#### ASSIGNMENT
Could you set down exactly the lines of the data below, starting at the one that holds "A testament to" and ending at the one that holds "Håndlaget strandveske med", both included, and only those?

#### RECORD SET
┌────────

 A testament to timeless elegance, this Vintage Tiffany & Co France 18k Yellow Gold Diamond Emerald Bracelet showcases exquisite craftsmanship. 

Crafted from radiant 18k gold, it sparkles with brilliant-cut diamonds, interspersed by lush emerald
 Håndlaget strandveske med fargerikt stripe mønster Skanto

└────────
┌────────

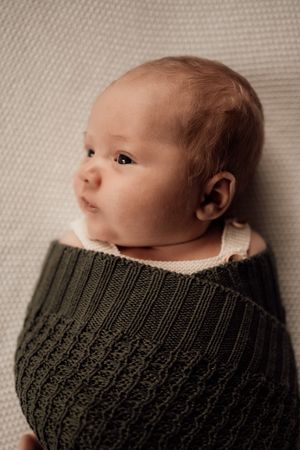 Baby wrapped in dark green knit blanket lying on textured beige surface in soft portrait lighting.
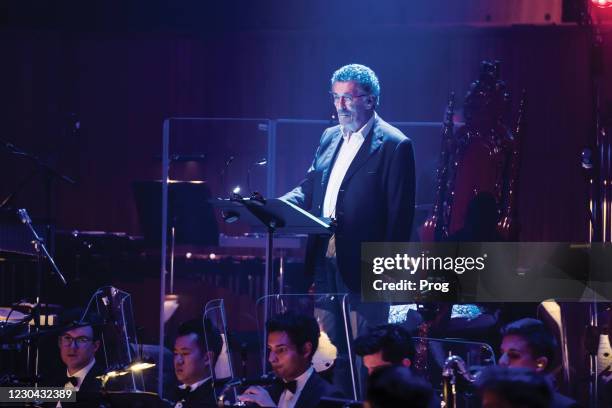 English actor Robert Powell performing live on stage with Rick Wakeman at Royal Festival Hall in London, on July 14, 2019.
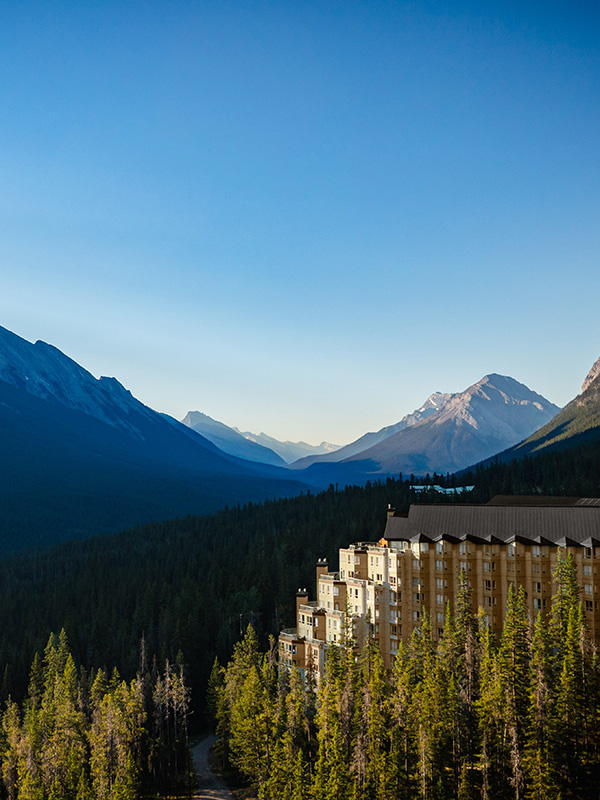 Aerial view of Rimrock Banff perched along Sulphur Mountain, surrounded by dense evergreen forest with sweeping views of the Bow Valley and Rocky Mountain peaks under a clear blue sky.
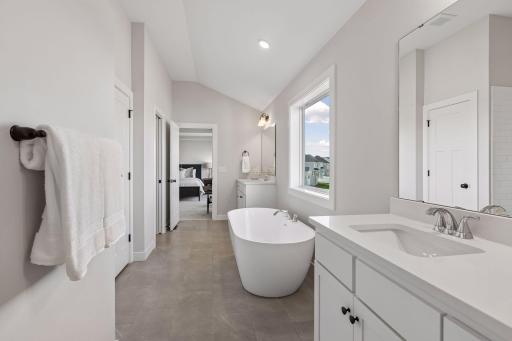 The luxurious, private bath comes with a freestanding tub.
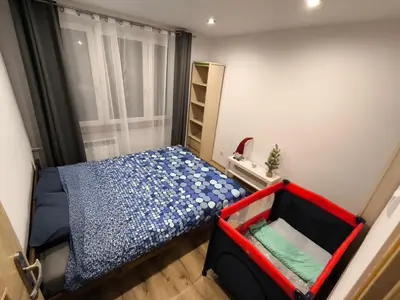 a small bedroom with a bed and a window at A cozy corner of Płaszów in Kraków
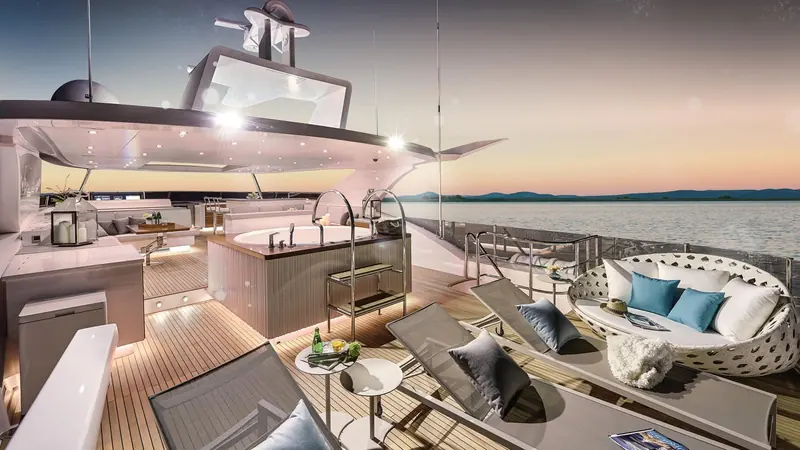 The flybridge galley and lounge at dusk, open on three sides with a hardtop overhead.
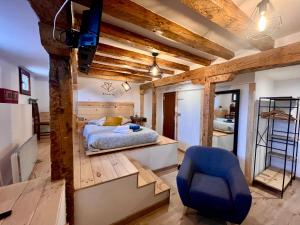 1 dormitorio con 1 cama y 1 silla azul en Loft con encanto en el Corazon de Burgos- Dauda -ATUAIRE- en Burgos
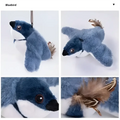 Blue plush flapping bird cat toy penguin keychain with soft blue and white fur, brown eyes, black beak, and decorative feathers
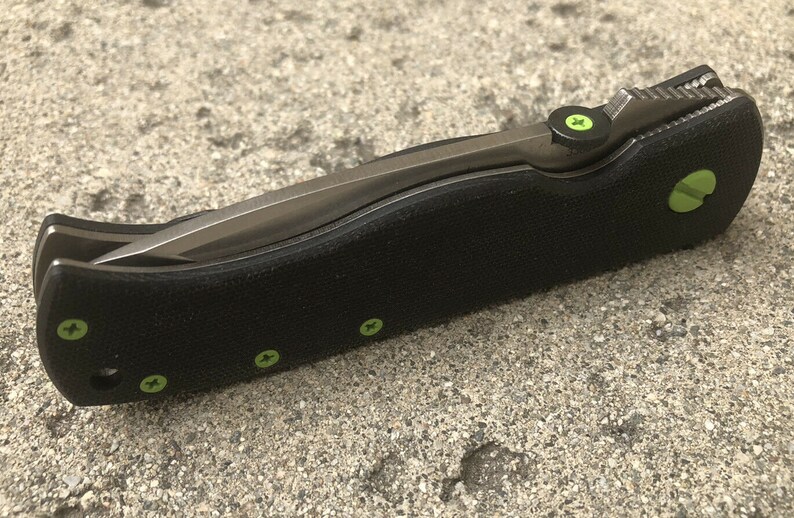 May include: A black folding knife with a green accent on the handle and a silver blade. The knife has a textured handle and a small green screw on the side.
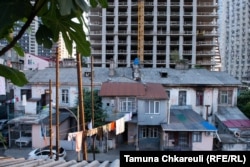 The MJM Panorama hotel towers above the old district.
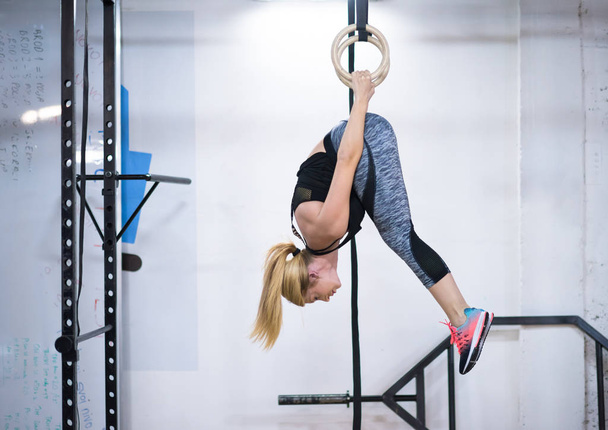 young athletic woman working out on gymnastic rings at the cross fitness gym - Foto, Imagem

└────────

#### ANSWER BELOW
 A testament to timeless elegance, this Vintage Tiffany & Co France 18k Yellow Gold Diamond Emerald Bracelet showcases exquisite craftsmanship. 

Crafted from radiant 18k gold, it sparkles with brilliant-cut diamonds, interspersed by lush emerald
 Håndlaget strandveske med fargerikt stripe mønster Skanto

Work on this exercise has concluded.